▸ Task to complete: Output every record exactly, and nothing more.

[Start of section]

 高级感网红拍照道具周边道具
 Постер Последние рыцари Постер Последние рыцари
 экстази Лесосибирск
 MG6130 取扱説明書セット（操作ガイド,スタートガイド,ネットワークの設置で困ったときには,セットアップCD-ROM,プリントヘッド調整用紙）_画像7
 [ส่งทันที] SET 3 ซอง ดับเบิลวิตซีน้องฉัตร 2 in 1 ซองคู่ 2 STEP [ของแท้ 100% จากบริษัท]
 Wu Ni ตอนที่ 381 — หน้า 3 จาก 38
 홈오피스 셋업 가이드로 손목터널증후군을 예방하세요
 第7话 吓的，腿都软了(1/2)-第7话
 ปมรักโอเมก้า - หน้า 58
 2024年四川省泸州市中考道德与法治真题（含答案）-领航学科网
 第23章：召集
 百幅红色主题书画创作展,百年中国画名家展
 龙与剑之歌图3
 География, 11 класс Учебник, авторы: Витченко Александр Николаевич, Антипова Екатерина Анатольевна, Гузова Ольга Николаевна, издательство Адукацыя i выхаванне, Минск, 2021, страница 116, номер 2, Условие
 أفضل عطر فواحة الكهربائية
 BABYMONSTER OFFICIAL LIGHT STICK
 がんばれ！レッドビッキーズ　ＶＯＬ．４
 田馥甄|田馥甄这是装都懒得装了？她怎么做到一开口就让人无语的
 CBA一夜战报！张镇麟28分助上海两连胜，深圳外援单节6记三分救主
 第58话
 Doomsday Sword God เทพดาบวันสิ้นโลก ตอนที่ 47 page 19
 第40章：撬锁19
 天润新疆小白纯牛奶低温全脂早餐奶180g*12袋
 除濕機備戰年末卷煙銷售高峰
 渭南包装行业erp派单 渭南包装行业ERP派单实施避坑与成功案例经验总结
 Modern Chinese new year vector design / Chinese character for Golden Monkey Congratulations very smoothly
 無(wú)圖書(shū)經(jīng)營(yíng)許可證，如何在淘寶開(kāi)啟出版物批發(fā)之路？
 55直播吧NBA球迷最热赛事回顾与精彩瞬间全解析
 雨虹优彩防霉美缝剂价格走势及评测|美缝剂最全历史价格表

[End of section]

▸ Solution for this exercise:
 高级感网红拍照道具周边道具
 Постер Последние рыцари Постер Последние рыцари
 экстази Лесосибирск
 MG6130 取扱説明書セット（操作ガイド,スタートガイド,ネットワークの設置で困ったときには,セットアップCD-ROM,プリントヘッド調整用紙）_画像7
 [ส่งทันที] SET 3 ซอง ดับเบิลวิตซีน้องฉัตร 2 in 1 ซองคู่ 2 STEP [ของแท้ 100% จากบริษัท]
 Wu Ni ตอนที่ 381 — หน้า 3 จาก 38
 홈오피스 셋업 가이드로 손목터널증후군을 예방하세요
 第7话 吓的，腿都软了(1/2)-第7话
 ปมรักโอเมก้า - หน้า 58
 2024年四川省泸州市中考道德与法治真题（含答案）-领航学科网
 第23章：召集
 百幅红色主题书画创作展,百年中国画名家展
 龙与剑之歌图3
 География, 11 класс Учебник, авторы: Витченко Александр Николаевич, Антипова Екатерина Анатольевна, Гузова Ольга Николаевна, издательство Адукацыя i выхаванне, Минск, 2021, страница 116, номер 2, Условие
 أفضل عطر فواحة الكهربائية
 BABYMONSTER OFFICIAL LIGHT STICK
 がんばれ！レッドビッキーズ　ＶＯＬ．４
 田馥甄|田馥甄这是装都懒得装了？她怎么做到一开口就让人无语的
 CBA一夜战报！张镇麟28分助上海两连胜，深圳外援单节6记三分救主
 第58话
 Doomsday Sword God เทพดาบวันสิ้นโลก ตอนที่ 47 page 19
 第40章：撬锁19
 天润新疆小白纯牛奶低温全脂早餐奶180g*12袋
 除濕機備戰年末卷煙銷售高峰
 渭南包装行业erp派单 渭南包装行业ERP派单实施避坑与成功案例经验总结
 Modern Chinese new year vector design / Chinese character for Golden Monkey Congratulations very smoothly
 無(wú)圖書(shū)經(jīng)營(yíng)許可證，如何在淘寶開(kāi)啟出版物批發(fā)之路？
 55直播吧NBA球迷最热赛事回顾与精彩瞬间全解析
 雨虹优彩防霉美缝剂价格走势及评测|美缝剂最全历史价格表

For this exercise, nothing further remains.